Después de más de una hora rodando, llegamos a Birr. Aquí no solo hay un castillo precioso con jardines que parecen sacados de una postal y un telescopio gigante que en su día fue el más grande del mundo… también hay una historia que me dejó las orejas tiesas: resulta que la primera víctima mortal de un accidente de coche vivía justo en ese castillo. Lady Mary, una señora de alta sociedad y, al parecer, bastante intrépida, se subió a un coche en 1869… y digamos que los frenos de la época no estaban a la altura de sus ambiciones. Supongo que si yo hubiera estado allí, la habría ladrado tres veces para que bajara la velocidad.
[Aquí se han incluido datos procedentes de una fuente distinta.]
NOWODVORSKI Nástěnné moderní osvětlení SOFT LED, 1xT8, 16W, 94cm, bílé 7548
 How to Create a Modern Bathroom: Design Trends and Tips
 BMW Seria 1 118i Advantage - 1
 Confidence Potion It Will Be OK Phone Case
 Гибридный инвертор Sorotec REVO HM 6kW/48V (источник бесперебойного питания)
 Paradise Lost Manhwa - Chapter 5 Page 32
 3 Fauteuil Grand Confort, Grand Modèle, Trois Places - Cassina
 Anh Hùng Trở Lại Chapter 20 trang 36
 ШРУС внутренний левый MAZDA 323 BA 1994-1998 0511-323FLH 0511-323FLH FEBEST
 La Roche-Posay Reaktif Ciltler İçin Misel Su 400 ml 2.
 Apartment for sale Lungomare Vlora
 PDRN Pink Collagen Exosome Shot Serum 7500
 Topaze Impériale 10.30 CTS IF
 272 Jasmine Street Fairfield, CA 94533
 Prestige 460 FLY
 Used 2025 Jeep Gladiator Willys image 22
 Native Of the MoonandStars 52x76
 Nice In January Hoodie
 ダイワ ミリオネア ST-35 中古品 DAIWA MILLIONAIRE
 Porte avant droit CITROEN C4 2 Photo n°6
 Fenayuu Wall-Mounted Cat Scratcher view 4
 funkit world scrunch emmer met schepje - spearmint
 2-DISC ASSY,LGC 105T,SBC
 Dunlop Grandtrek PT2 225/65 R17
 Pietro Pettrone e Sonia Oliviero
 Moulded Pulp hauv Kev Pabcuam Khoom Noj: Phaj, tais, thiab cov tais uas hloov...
Paseamos por todo el Dominio de Birr: jardines, senderos, rincones verdes donde se huele a siglos de historia… y un telescopio tan enorme que me pregunté si podría ver hasta mi cama en el apartamento.
Después tocó recargar energías. Encontramos Kelly’s Bar, un lugar tan amigable con los perros que, nada más sentarnos, la camarera apareció con un cuenco de agua para mí y, atención, ¡unos chuches! No de mis humanos, claro, ellos nunca caen en la tentación, sino de la camarera, que evidentemente entendía de protocolo canino. Mientras tanto, los míos devoraban lo suyo y yo ejercía de inspector de migas.
Al salir, dimos otro paseo por el pueblo para ver el famoso cartel que cuenta la historia del primer accidente de coche (el de Lady Mary). Lo miré fijamente, por si quedaban rastros de la rueda original… nada, solo historia y letras.
Volvimos al coche y, tras otra hora, hicimos parada en un sitio precioso junto a un puente sobre un canal. El café voló, la camarera fue de esas que te hacen sentir como en casa, y yo aproveché para estirar las patas y olfatear todo lo que pude antes del último tramo.
Ese último trayecto fue largo, pero al llegar… ¡guau! La casa, justo al sur del Parque Nacional de Wicklow, es mil veces mejor que el apartamento anterior: limpia, impecable, con vistas al campo y ovejas de fondo cantando sus “bee-ee-ee” como si fuera un coro local. El dueño nos recibió con una amabilidad que hasta a mí me dio confianza.
Cenaron con las compras del Aldi (sí, también paramos allí) y ahora escribo esto medio tumbado, escuchando ovejas y sintiendo que hoy, por fin, he sido tratado como un invitado de honor… gracias a esa camarera que sabe cómo ganarse a un perro.